Below we have detailed the various points to consider when purchasing flat-fronted or flat panel radiators.  

•   Guarantee period: A relatively short guarantee period may indicate lesser quality welding or thin steel.  You should be looking for a radiator with a minimum guarantee period of 5 years.
•   Independent testing: Are the radiators tested to EN442, the official European Standard?  This certificate guarantees that a radiator meets the minimum standards on various aspects including heat output, product labelling and safety.  
•   Heat output confirmation: Has an independent laboratory tested the heat output of the radiator? A BSRIA (Building Services Research and Information Association) certificate or similar will confirm that the heat output stated has been confirmed by an independent expert.  
•   Awards and accreditations: Independent recognition helps to ensure that the radiator is of a good quality design.  Look for signs that recognise the quality of the radiators and materials used such as the “RAL Steel Radiator Quality Mark”.
•   Country of manufacture: The country of manufacture does not always dictate the quality of the product but you may want to consider it alongside other factors.  Flat panel radiators are usually made in Europe, mostly in Denmark, Germany and Turkey but there are increasingly more models being manufactured in Asia.  Some bespoke models are made in Great Britain.  

•   There are 2 types of flat panel radiators:
1.   Specifically designed flat-fronted radiators: These have been designed for the architects market, offering clean lines and a high quality finish.  They consist of a neat, simple design that sits close to the wall and often have a plain flat top rather than a grille top.  
2.   Standard-style corrugated steel radiators with flat panels fitted to the front: These have been designed to try and replicate the same look as those specially designed flat panel radiators, but these are usually the less expensive option as behind the flat panel is usually a mass produced, commodity product.  The nature of this construction makes them often deeper in design, causing them to protrude more into a room, and the top of these radiators may be covered with a grille.  
•   Sizes available: Increasing popularity of this type of radiator has led to an increased range of sizes available.  For instance, flat panel radiators are now available in both horizontal and vertical designs, with widths from 200mm to 3000mm and heights from 300mm to 2000mm.
•   Heat output performance: A critical aspect when choosing any radiator, no matter what type, is the heat output.  A well designed flat panel radiator will have fins or “convectors” hidden behind the front panel to maximise the heat output.  Without these fins, heat output will be significantly less, so don’t be fooled by a cheap, ultra skinny flat panel radiator; it could give you the same amount of heat out as a couple of light bulbs!
•   Finishing of the top and sides: Flat panel radiators can have open or closed sides; this does not affect the performance of the radiator and is purely cosmetic.  They can also have an open or grille top; the effect on the heat output of the radiator is negligible when adding or removing a grille.  A grille is usually added for practical reasons (mostly to stop small children putting toy cars down the back!).
•   Valve connection positions: These types of radiators come with either “side connections”, like standard pressed steel radiators, where the valves are installed at the bottom of the radiator on either side, or “underside connections”, where the valves are situated underneath the radiator, either centrally or at either end.  Underside connections are a popular choice especially on vertical radiators as they mean that the valves sit directly underneath the radiator meaning you don’t need to allow any more space to fit the valves in.  There may also be other valve connection options available should you require them.  Whichever valve positions you require, it is essential that you check with your radiator specialist that the radiator you are considering will be suitable.  
•   Design of brackets: To maximise space, look at radiators with cleverly designed brackets that keep the radiator as close to the wall as possible.    Look for the “wall to front face measurement” to confirm how far into the room a radiator will protrude, not just the depth measurement, as this may not include space for the bracket.  

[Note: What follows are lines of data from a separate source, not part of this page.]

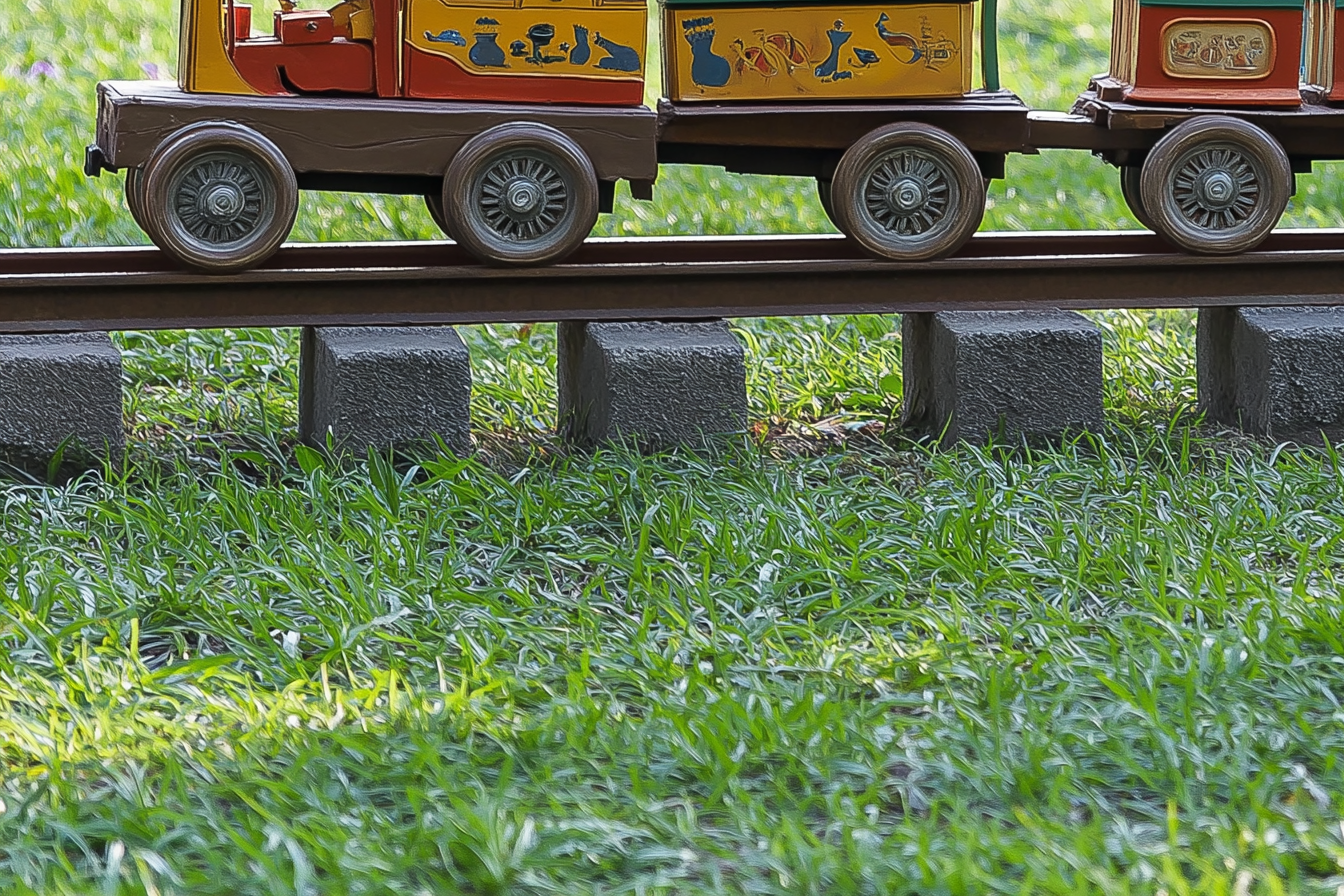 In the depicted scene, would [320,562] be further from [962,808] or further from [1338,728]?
[1338,728]

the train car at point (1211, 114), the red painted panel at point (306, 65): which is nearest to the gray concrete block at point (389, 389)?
the red painted panel at point (306, 65)

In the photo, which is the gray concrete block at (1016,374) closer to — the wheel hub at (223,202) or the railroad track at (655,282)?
the railroad track at (655,282)

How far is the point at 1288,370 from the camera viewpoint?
429cm

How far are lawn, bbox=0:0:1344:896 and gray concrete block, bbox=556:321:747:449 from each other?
10 cm

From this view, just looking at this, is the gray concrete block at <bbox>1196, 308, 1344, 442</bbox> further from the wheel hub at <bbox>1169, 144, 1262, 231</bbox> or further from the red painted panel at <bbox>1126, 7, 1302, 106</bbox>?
the red painted panel at <bbox>1126, 7, 1302, 106</bbox>

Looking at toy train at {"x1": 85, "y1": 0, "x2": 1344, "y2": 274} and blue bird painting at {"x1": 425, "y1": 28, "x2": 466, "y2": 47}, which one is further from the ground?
blue bird painting at {"x1": 425, "y1": 28, "x2": 466, "y2": 47}

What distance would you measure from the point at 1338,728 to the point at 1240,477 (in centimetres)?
132

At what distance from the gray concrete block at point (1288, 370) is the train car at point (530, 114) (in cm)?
81

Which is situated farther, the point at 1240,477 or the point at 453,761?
the point at 1240,477

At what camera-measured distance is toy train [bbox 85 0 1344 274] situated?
392cm

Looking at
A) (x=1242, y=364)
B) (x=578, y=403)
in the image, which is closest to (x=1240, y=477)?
(x=1242, y=364)

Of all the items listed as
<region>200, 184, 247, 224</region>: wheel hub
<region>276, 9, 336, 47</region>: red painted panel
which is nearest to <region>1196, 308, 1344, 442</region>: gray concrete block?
<region>276, 9, 336, 47</region>: red painted panel

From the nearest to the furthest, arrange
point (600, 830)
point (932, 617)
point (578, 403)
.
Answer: point (600, 830) → point (932, 617) → point (578, 403)

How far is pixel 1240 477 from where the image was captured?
4027mm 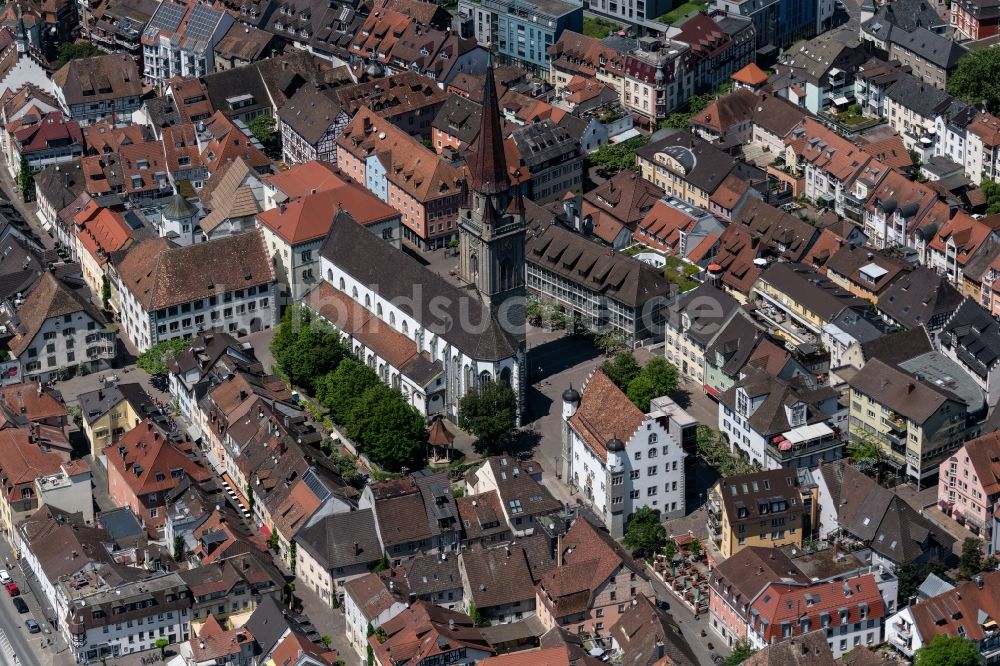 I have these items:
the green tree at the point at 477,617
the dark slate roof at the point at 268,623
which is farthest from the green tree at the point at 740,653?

•   Grades of steel – Pressed steel radiators in white are a popular product but the quality of steel can vary between models.  A thick grade of steel, such as 1.20mm or 1.25mm internal construction will help ensure a long life.   Front panels should be a minimum 1.1mm thick steel; top quality flat panel radiators may even be 2mm thick steel.  
•   Pressure-testing – Flat panel radiators should be tested to a minimum of 10 bar.  
•   Paint quality: Flat-fronted radiators in white or coloured paint finishes are “powder coated” and should have a smooth, semi-gloss surface, similar to those seen on home appliances.  Poorly finished radiators may have a “orange peel” effect due to little paint being used.  
•   Quality of brackets: Brackets can give an immediate indication of the quality of the manufacturing, as a poor quality bracket may well reflect a poor quality radiator.
•   Packaging: Make sure the product you are purchasing is adequately packaged as transit damage could cause delays to your project.  Ask your retailer how the radiator is packaged.  

It’s clear from the above that choosing a flat panel radiator may not be the most straightforward decision, but by following the guidance detailed above, your radiator won’t be a false economy.  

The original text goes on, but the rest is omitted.